MATERIAL TO PROCESS

▼

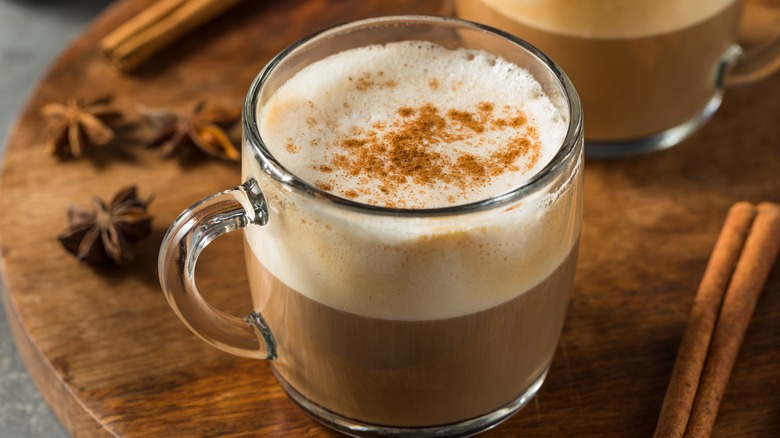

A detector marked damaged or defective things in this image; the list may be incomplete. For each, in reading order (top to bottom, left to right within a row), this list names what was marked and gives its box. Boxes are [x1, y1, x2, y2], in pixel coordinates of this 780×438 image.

broken cinnamon stick piece [100, 0, 244, 72]
broken cinnamon stick piece [652, 203, 756, 438]
broken cinnamon stick piece [684, 203, 780, 438]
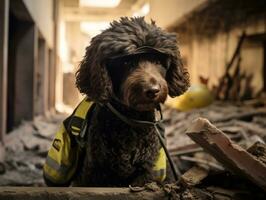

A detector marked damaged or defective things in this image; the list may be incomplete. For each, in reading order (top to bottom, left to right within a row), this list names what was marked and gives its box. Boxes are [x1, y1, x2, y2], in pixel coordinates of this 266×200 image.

splintered wood beam [186, 118, 266, 191]
broken concrete chunk [186, 118, 266, 191]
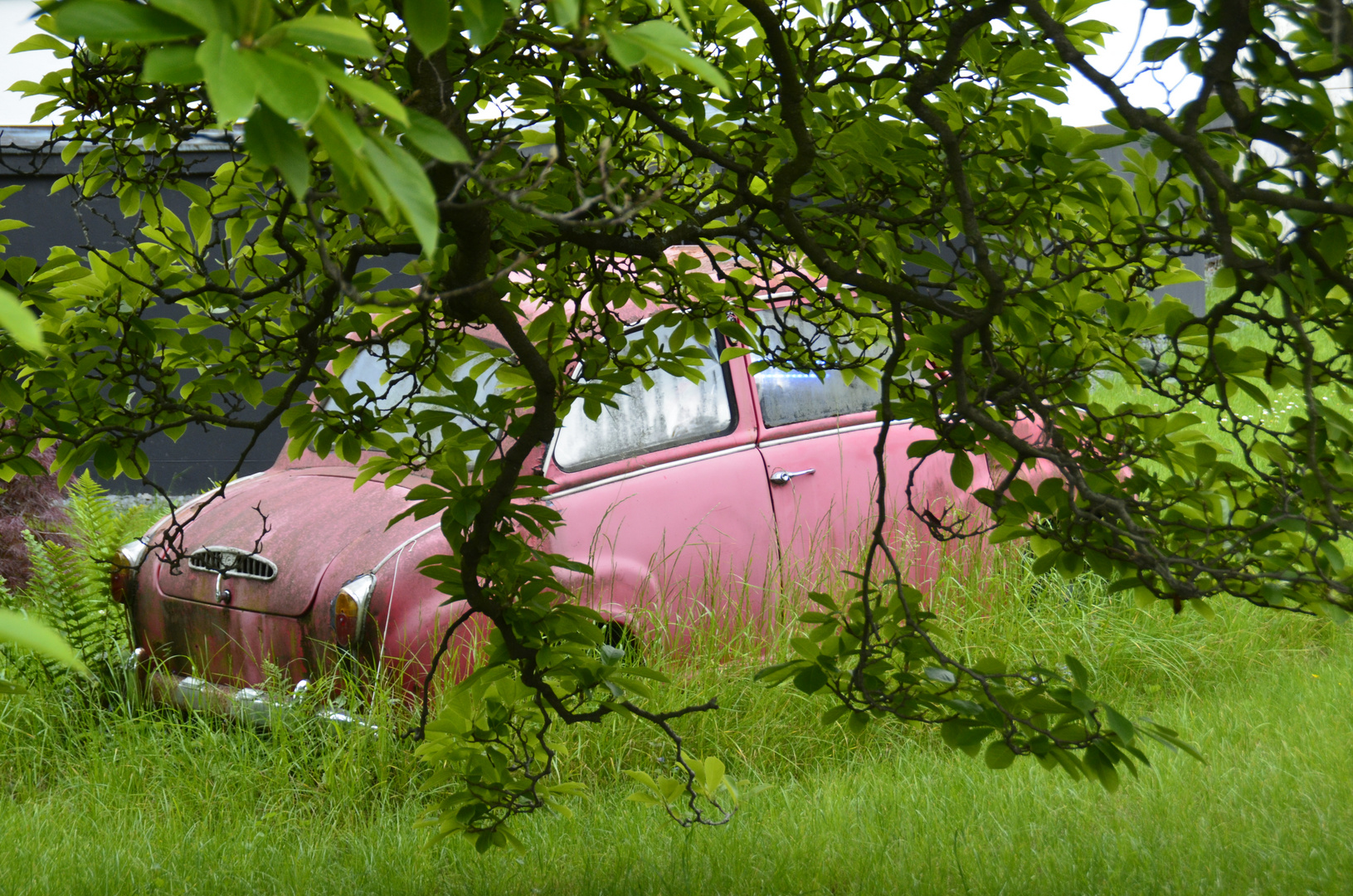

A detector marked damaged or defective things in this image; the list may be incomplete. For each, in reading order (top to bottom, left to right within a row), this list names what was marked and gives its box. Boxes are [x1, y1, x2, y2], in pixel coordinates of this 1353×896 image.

rusty car hood [154, 470, 416, 616]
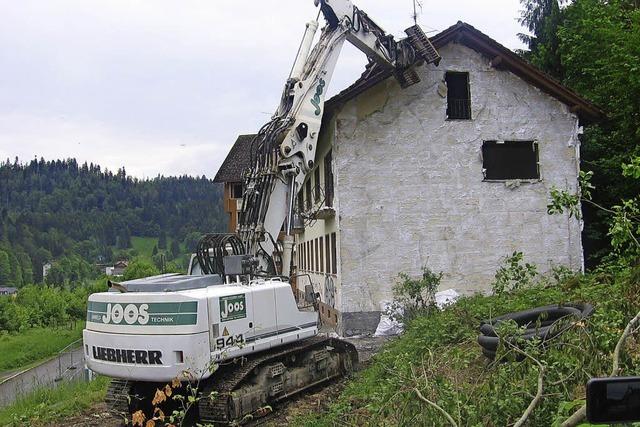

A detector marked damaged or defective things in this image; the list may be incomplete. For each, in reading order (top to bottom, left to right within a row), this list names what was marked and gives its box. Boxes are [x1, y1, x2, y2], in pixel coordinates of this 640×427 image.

broken roof [328, 21, 604, 123]
broken roof [214, 135, 256, 183]
damaged house [216, 22, 604, 338]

▲

WORK REQUEST
Each line of the data above must be repeated exactly, images excluded.

SOLUTION TO THE EXERCISE
A detector marked damaged or defective things in this image; the list may be incomplete. For each, in reading order (top to bottom, left to right within a row), this list names what was marked and gives its box. Boxes are [x1, y1, x2, y2], in pixel coordinates of this 780×438 image.

broken cinnamon stick piece [100, 0, 244, 72]
broken cinnamon stick piece [652, 203, 756, 438]
broken cinnamon stick piece [684, 203, 780, 438]

A detector marked damaged or defective things in this image; the list may be incomplete. For each, in reading order (top to bottom, left to right within a row), this list names what was marked and gives its box. Boxes are [x1, y1, x2, y2], in pixel coordinates of this 266×200 image.

splintered wood beam [186, 118, 266, 191]
broken concrete chunk [186, 118, 266, 191]

A detector marked damaged or defective things in this image; the list may be incomplete. For each, in reading order (top to bottom, left to right within a row), this list names what was marked and gives its box. Boxes are [x1, y1, x2, y2], in pixel coordinates of this 1353×896 image.

rusty car hood [154, 470, 416, 616]

A detector marked damaged or defective things in this image; the list may be incomplete. For each, in reading order (top to bottom, left to right within a row), this list names what was marked and gives its box. Boxes are [x1, y1, x2, y2], in pixel coordinates of this 640×427 image.

broken roof [328, 21, 604, 123]
broken roof [214, 135, 256, 183]
damaged house [216, 22, 604, 338]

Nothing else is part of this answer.